By Walter Albritton

Since confession is “good for the soul,” I will confess that since my wife died, there are days when grief wins. The chilling absence of Dean in my life pushes me toward depression and self-pity. In every waking moment I miss the joy of sharing life with her.

Fortunately, I have been able to fight my way out of the darkness and pain of loneliness. Jesus keeps saying, “Walter, I love you too much to let sorrow ruin the rest of your life. I am going to help you be brave and courageous just like my Father and I helped Moses and Joshua. So don’t give up. Take my hand so I can help you endure this sorrow. Walk with me and I will fill your emptiness with my peace and restore your soul.” I’m convinced the only way to beat grief is to stay in touch with Jesus.

I read the Bible a lot because it’s there that I meet Jesus. He is in the Old Testament as well as the New Testament. When in the 23rd Psalm David says, “The Lord is my shepherd,” that’s Jesus he’s talking about. The Lord Jesus is my Shepherd, guiding me, molding me, comforting me and teaching me how to serve Him. When the Psalmist says, “He heals the brokenhearted and binds up their wounds” (Psalms 147:3), he’s talking about Jesus, because that is what He does.

I meet Jesus in church. He had me in tears last Sunday when we began singing “Jesus is all the world to me.” Dean and I sang that song at our son David’s funeral. I choked up hearing the words, “When I am sad, to him I go, no other one can cheer me so.”

I had to stop singing as the people sang the final words, “I trust him now, I’ll trust him when life’s fleeting days shall end. Beautiful life with such a friend, beautiful life that has no end; eternal life, eternal joy, he’s my friend.” I thought, “Yes, Lord, Dean’s beautiful life has not ended! She is with you, and while she can no longer straighten my tie and tell me how handsome I am, she is still cheering me on to victory in my battle with grief!”

I often meet Jesus in a good book. The Lord led me to an old one I gave Dean 41 years ago, A Gift for God by Mother Teresa. As I reread it I found Jesus gently correcting my perspective on suffering.

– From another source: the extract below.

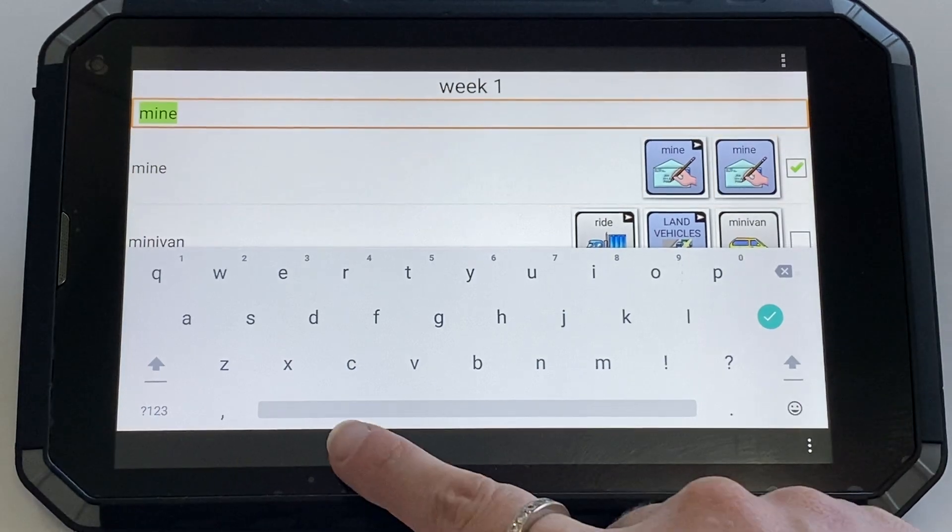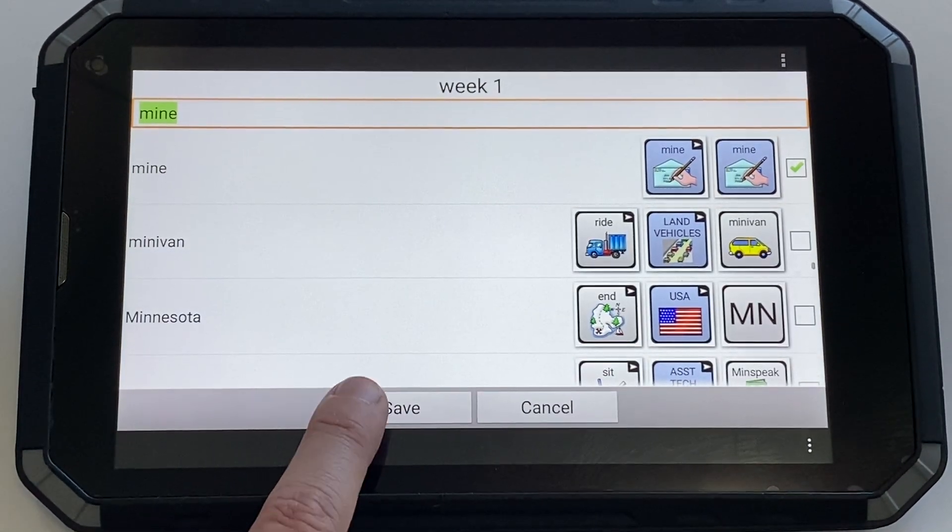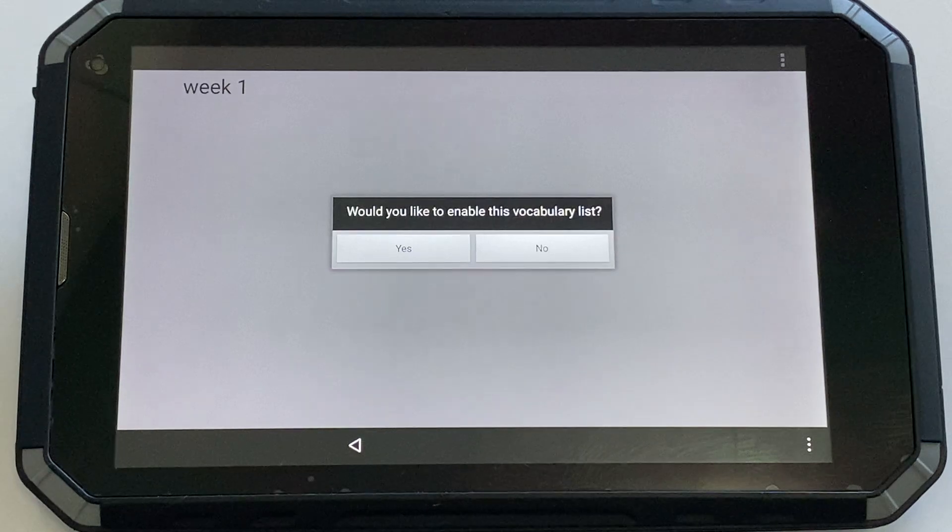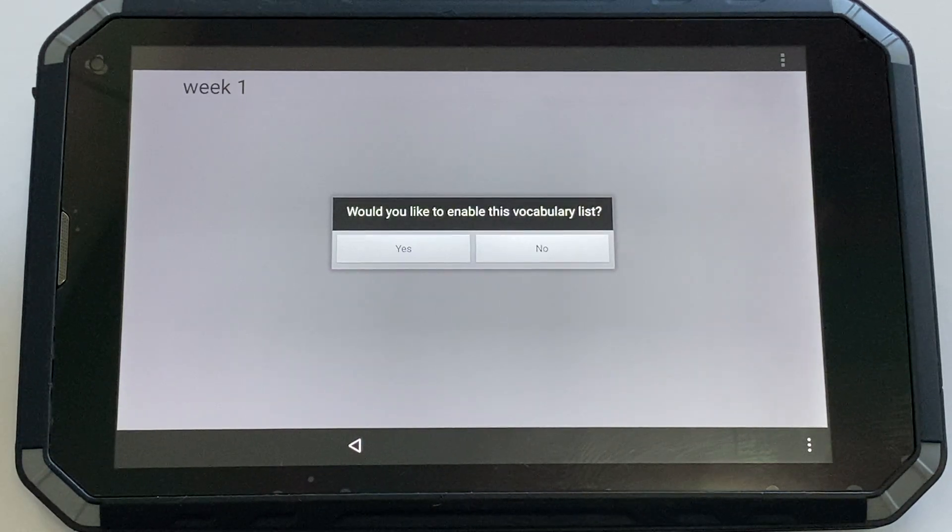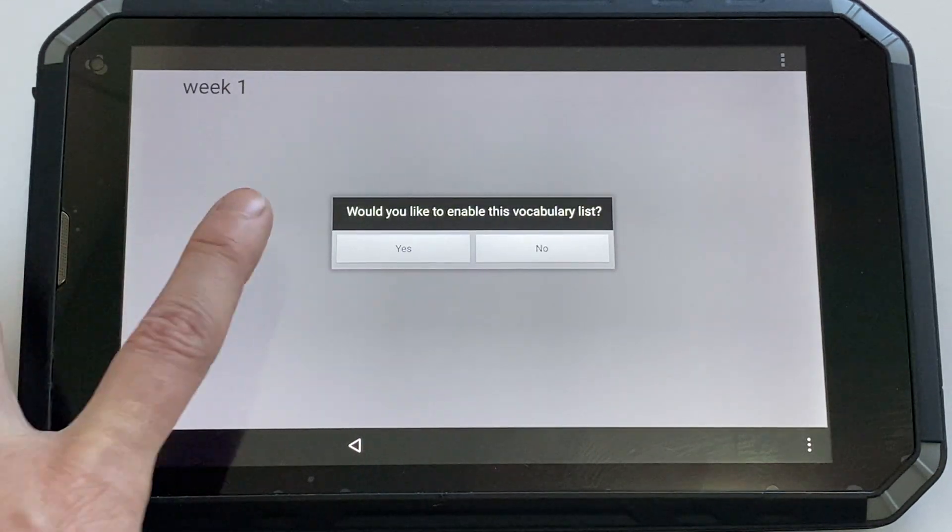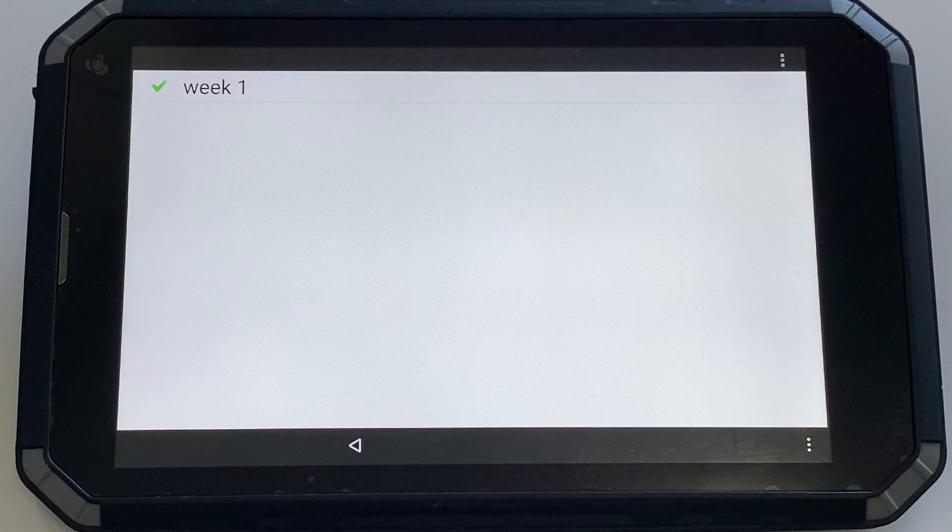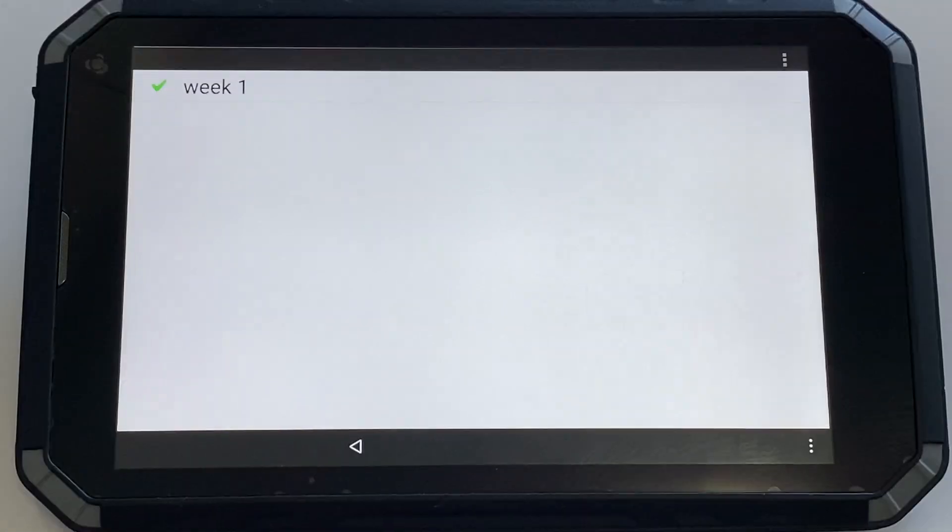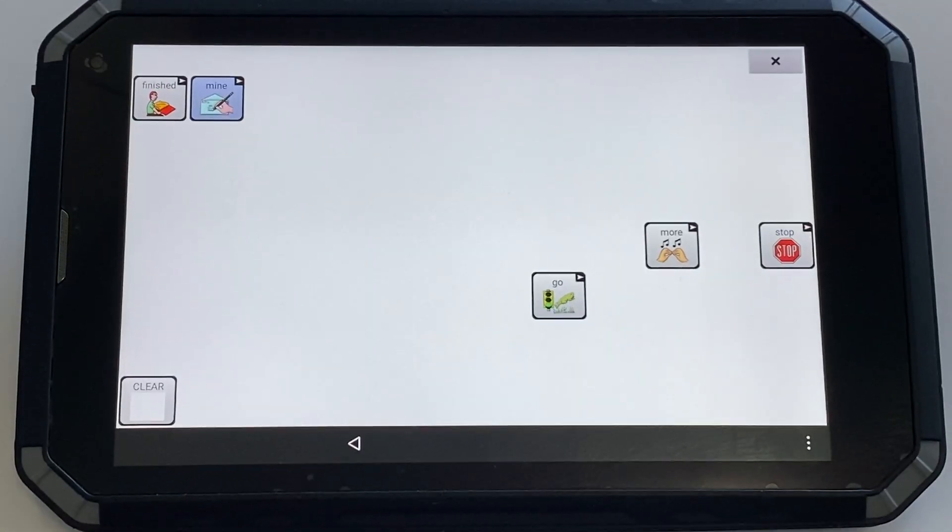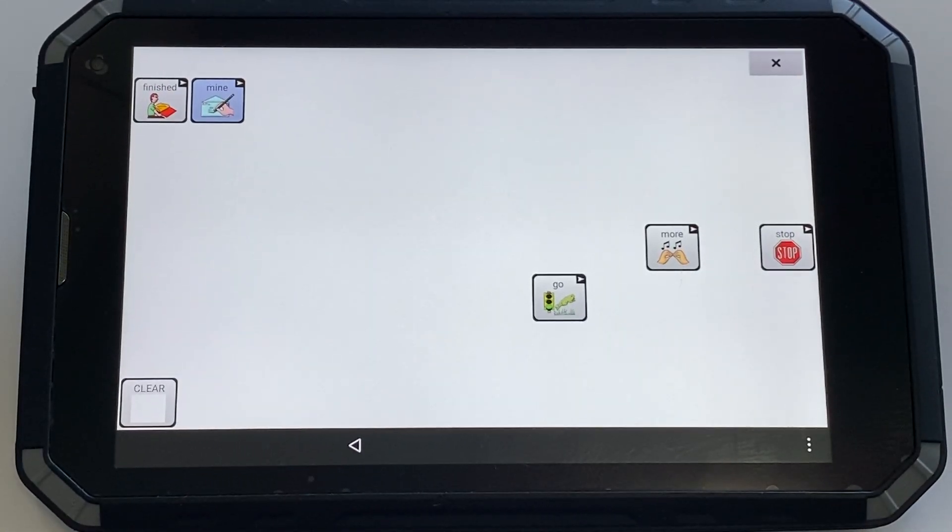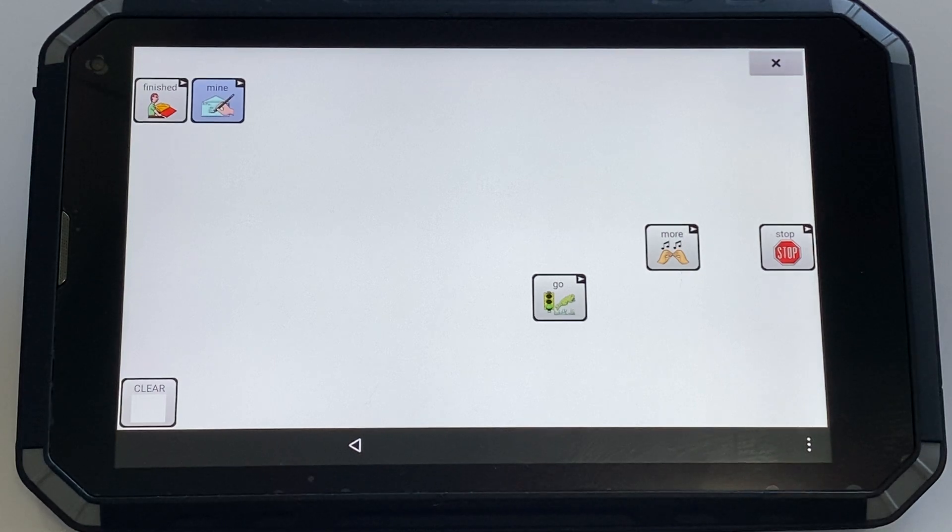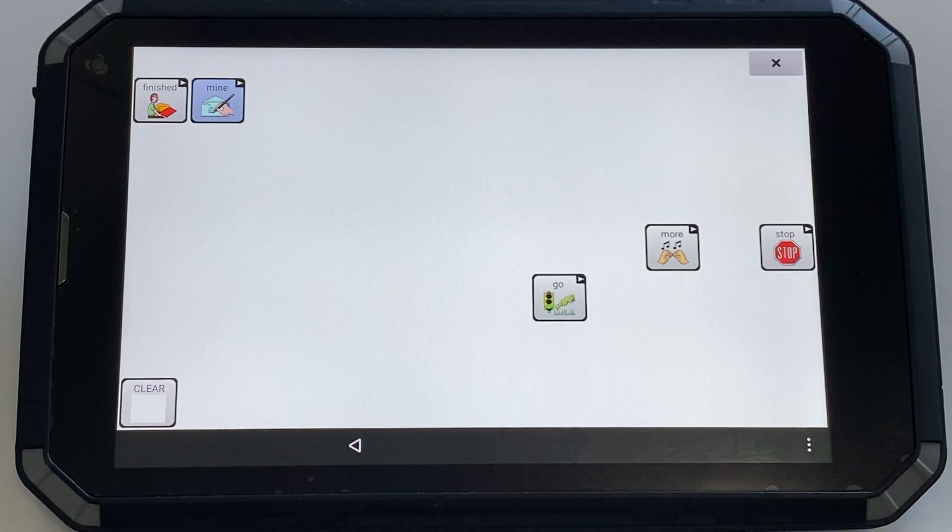Once you're finished, you can hit save. You'll then be prompted, would you like to enable this vocabulary list? You can select yes. You'll see a green tick. Head back. Now, you'll see that list has been enabled and only those target words are available to select.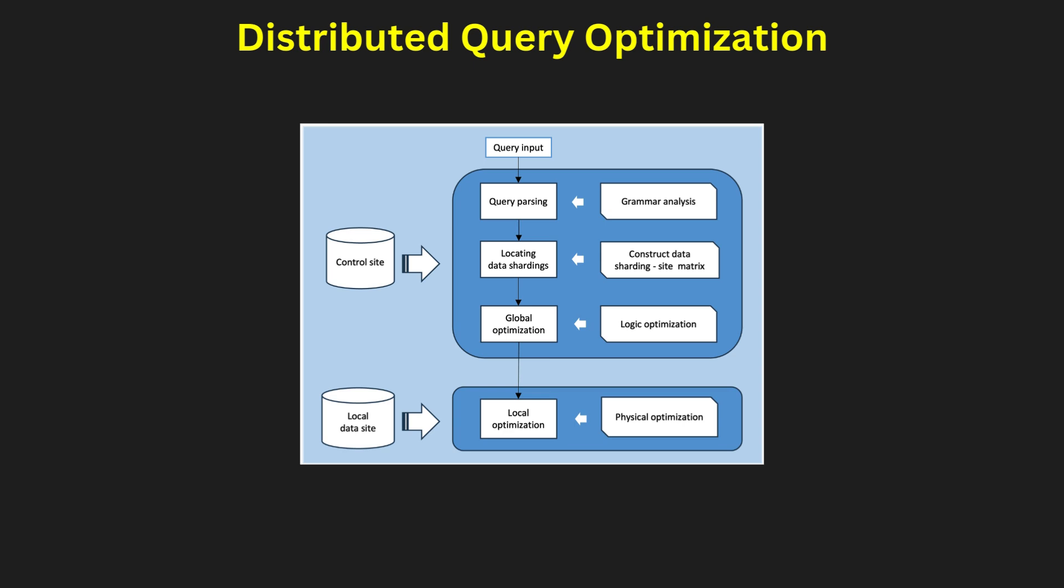Now, distributed query optimization. Query optimization in distributed systems aims to minimize resource use, processing, and response time while ensuring correct results. Factors like network bandwidth, data fragmentation, and replication significantly impact optimization strategies. Centralized query optimization, while simpler, does not account for distribution complexities. Fragment query ordering is crucial for efficiency as it determines the sequence of accessing distributed data fragments.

The world discovered Mother Teresa while she was caring for the poor in Calcutta, India. Dean and I visited Calcutta and never got over seeing the dead and dying on the streets. In her early days in Calcutta, Mother Teresa was stricken with a high fever and became delirious. Later she wrote about it. “In that delirium,” she said, “I went to St. Peter, but he would not let me in, saying ‘There are no slums in heaven.’” In anger, she said, “Very well, I will fill heaven with slum people, then you will be forced to let me in!”

It rather surprised me to learn that Mother Teresa had a delightful sense of humor. Indeed, she insisted that the houses of her Missionaries of Charity (now 4,500 strong!) ring with laughter just as St. Francis and his friars once laughed their way down the highways serving Jesus.

Mother Teresa reminds us that we meet Jesus in the poor.  In the poor we are touching Christ’s body. Her words began to chase away my lingering sadness: “In the poor it is the hungry Christ we are feeding, it is the naked Christ we are clothing, it is to the homeless Christ that we are giving shelter.” I thought, “In my remaining days I can wallow in sorrow or I can offer love to the poor and in so doing, offer Christ my love.”

Jesus used these words of Teresa to loosen the grip of grief on my soul: “The best way to show our gratitude to God and to people is to accept everything with joy. Never let anything so fill you with sorrow as to make you forget the joy of the risen Christ.”

Thank you Mother Teresa. Thank you Jesus. I see the way home now. And with your help, and the prayers of my friends, I will not take another drink from the well of bitterness and remorse. The sweet water of your understanding and forgiveness is all I need.